EXERCISE PROMPT: Skip the images and copy each record exactly as written.

====== DATA IN THIS EXERCISE

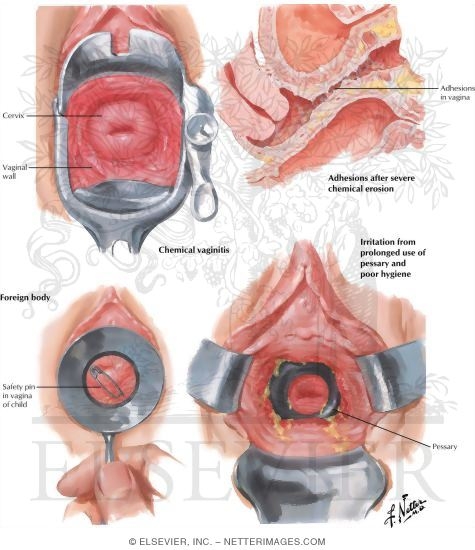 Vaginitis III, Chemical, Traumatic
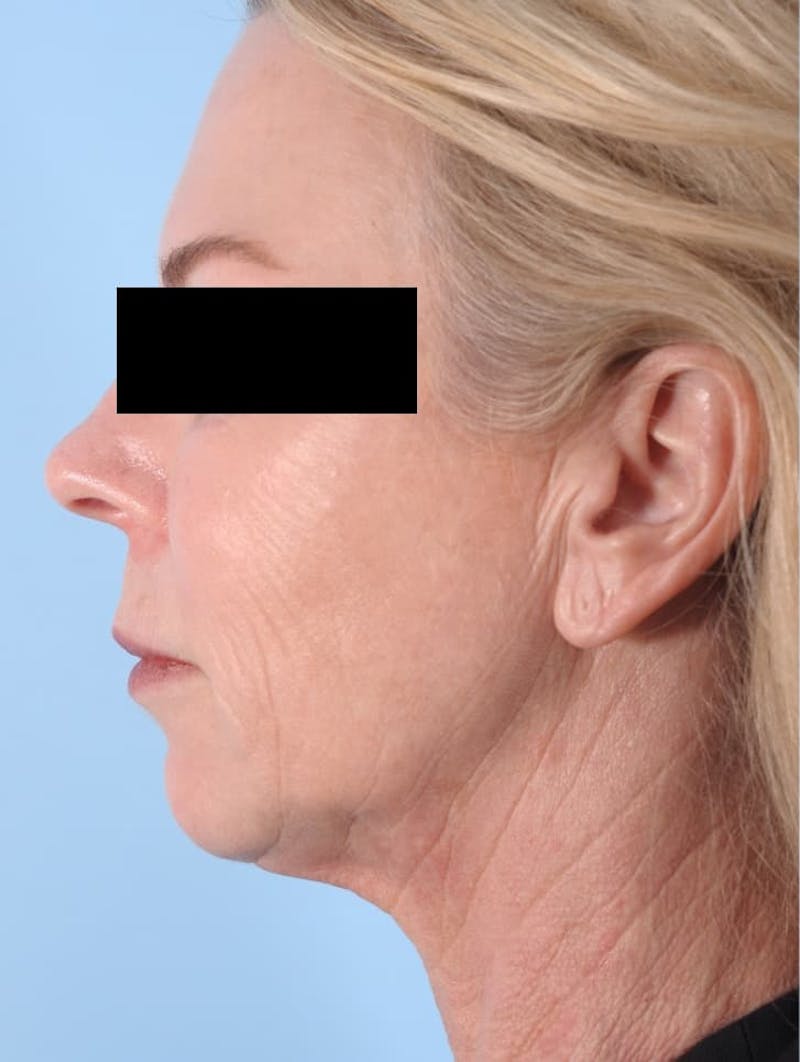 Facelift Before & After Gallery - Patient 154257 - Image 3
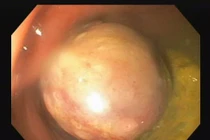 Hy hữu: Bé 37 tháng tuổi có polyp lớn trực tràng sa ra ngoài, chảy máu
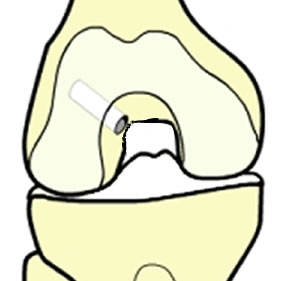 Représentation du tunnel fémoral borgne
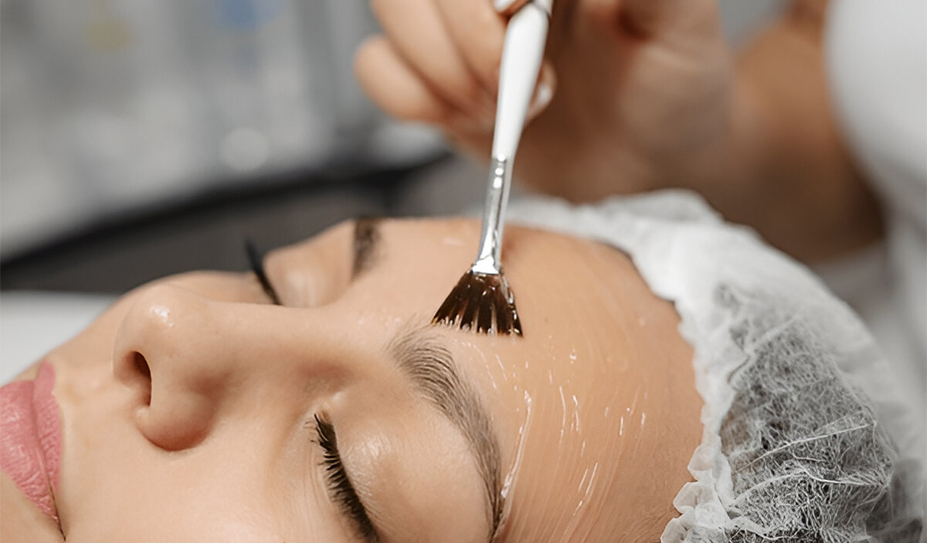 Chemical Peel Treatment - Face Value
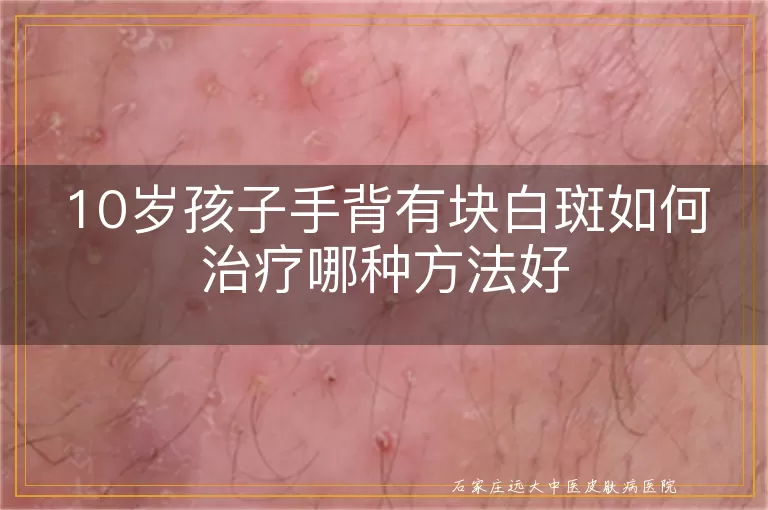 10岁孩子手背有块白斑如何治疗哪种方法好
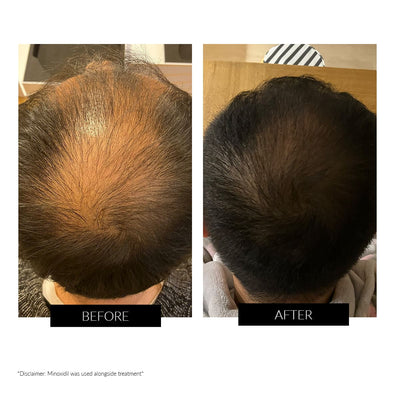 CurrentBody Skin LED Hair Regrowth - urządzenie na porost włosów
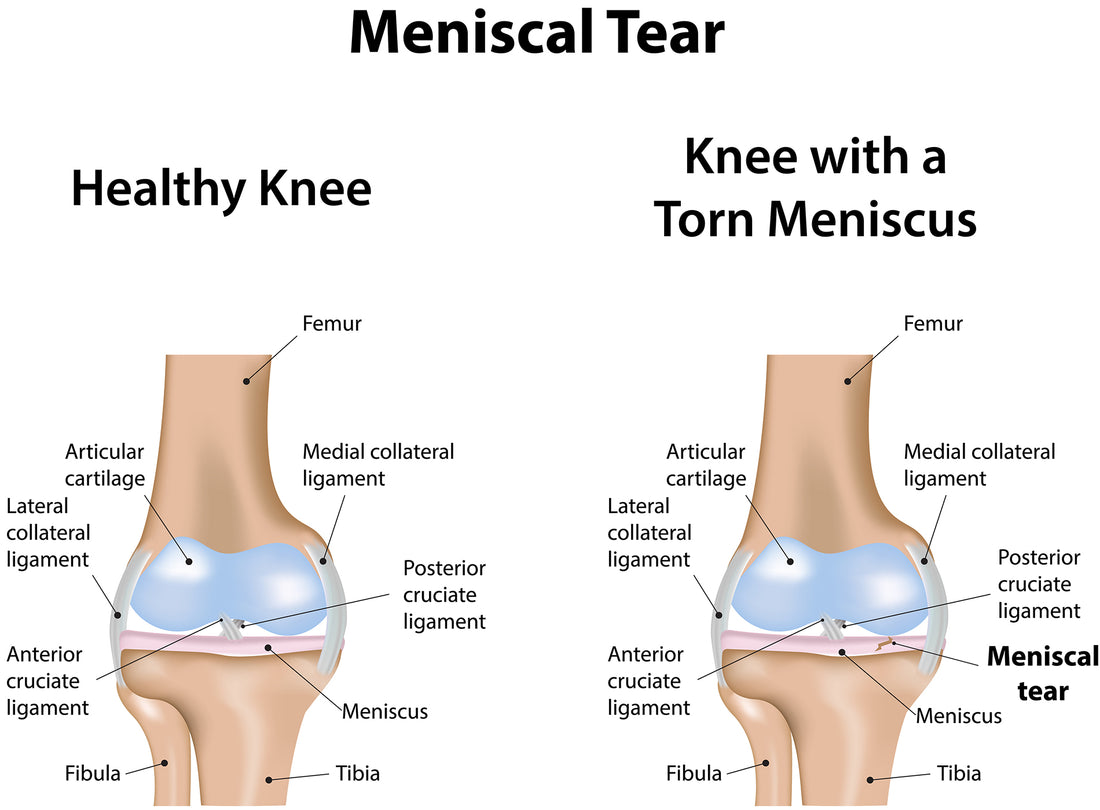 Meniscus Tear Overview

============

REPLY:
 Vaginitis III, Chemical, Traumatic
 Facelift Before & After Gallery - Patient 154257 - Image 3
 Hy hữu: Bé 37 tháng tuổi có polyp lớn trực tràng sa ra ngoài, chảy máu
 Représentation du tunnel fémoral borgne
 Chemical Peel Treatment - Face Value
 10岁孩子手背有块白斑如何治疗哪种方法好
 CurrentBody Skin LED Hair Regrowth - urządzenie na porost włosów
 Meniscus Tear Overview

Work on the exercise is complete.